In general, in another aspect, the invention features generating a table for aiding the conversion of voiced utterances to commands for use in controlling an operating system of a computer to achieve desired actions in an application program running under the operating system, the application program including menus and control buttons; the instruction sequence of the application program is parsed to identify menu entries and control buttons, and an entry is included in the table for each menu entry and control button found in the application program, each entry in the table containing a command corresponding to the menu entry or control button.

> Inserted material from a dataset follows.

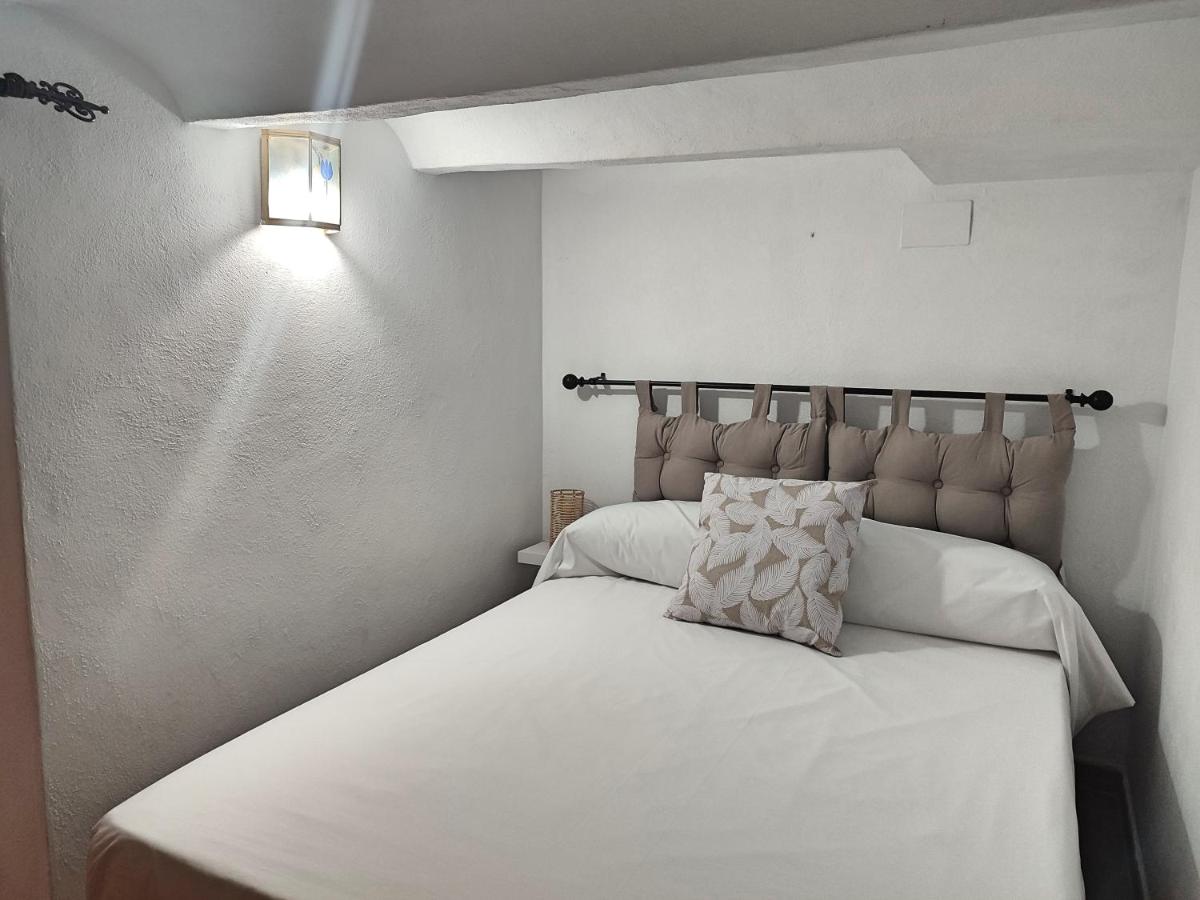 Suitetrails - Apartamento Dama de Noche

In general, in another aspect, the invention features enabling a user to create an instance in a formal language of the kind which has a strictly defined syntax; a graphically displayed list of entries are expressed in a natural language and do not comply with the syntax, the user is permitted to point to an entry on the list, and the instance corresponding to the identified entry in the list is automatically generated in response to the pointing.

The invention enables a user to easily control the graphical interface of a computer. Any actions that the operating system can be commanded to take can be commanded by voiced utterances. The commands may include commands that are normally entered through the keyboard as well as commands normally entered through a mouse or any other input device. The user may switch back and forth between voiced utterances that correspond to commands for actions to be taken and voiced utterances that correspond to text strings to be used in an application program without giving any indication that the switch has been made. Any application may be made susceptible to a voice interface by automatically parsing the application instruction sequence for menus and control buttons that control the application.

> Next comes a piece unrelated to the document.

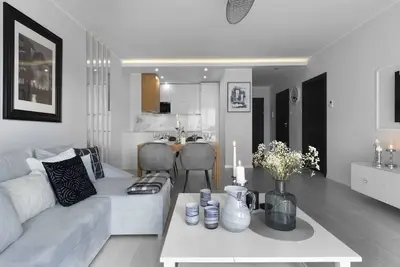 Image de Elite Apartmens Sadova Deluxe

Other advantages and features will become apparent from the following description of the preferred embodiment and from the claims.

DESCRIPTION OF THE PREFERRED EMBODIMENT

We first briefly describe the drawings.

FIG. 1 is a functional block diagram of a Macintosh computer served by a Voice Navigator voice controlled interface system.

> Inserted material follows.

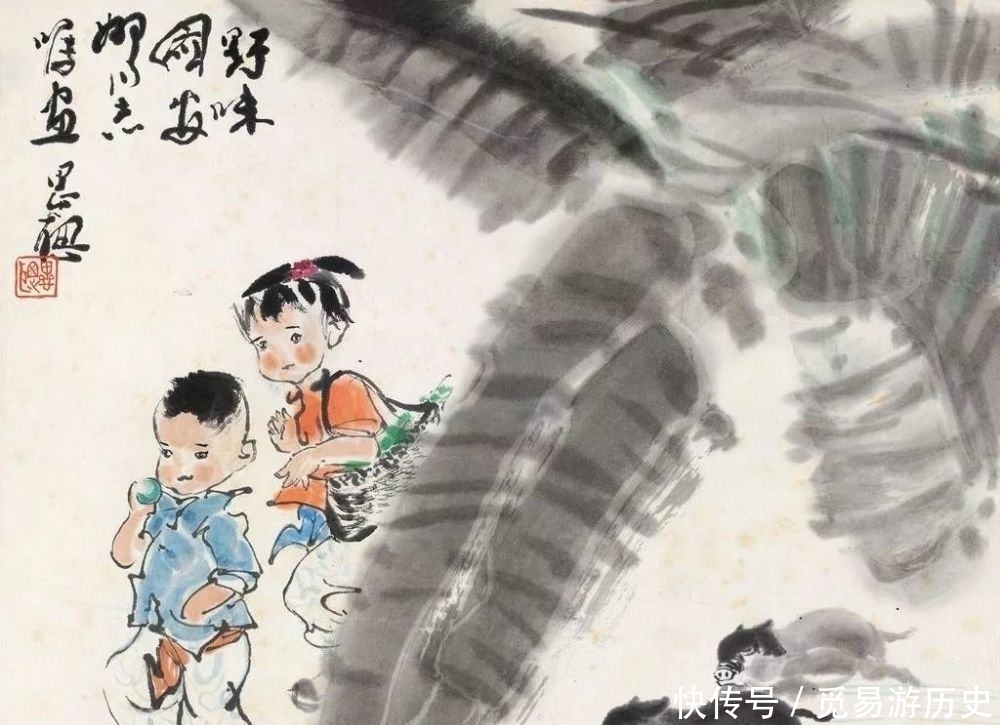 俗语|古代俗语:“儿孙自有儿孙福”,它的下句才是精华,可惜少有人知!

FIG. 2A is a functional block diagram of a Language Maker system for creating word lists for use with the Voice Navigator interface of FIG. 1.

FIG. 2B depicts the format of the voice files and word lists used with the Voice Navigator interface.

FIG. 3 is an organizational block diagram of the Voice Navigator interface system.

FIG. 4 is a flow diagram of the Language Maker main event loop.

FIG. 5 is a flow diagram of the Run Edit module.

FIG. 6 is a flow diagram of the Record Actions submodule.

FIG. 7 is a flow diagram of the Run Modal module.

FIG. 8 is a flow diagram of the In Button? routine.

FIG. 9 is a flow diagram of the Event Handler module.

FIG. 10 is a flow diagram of the Do My Menu module.

FIGS. 11A through 11I are flow diagrams of the Language Maker menu submodules.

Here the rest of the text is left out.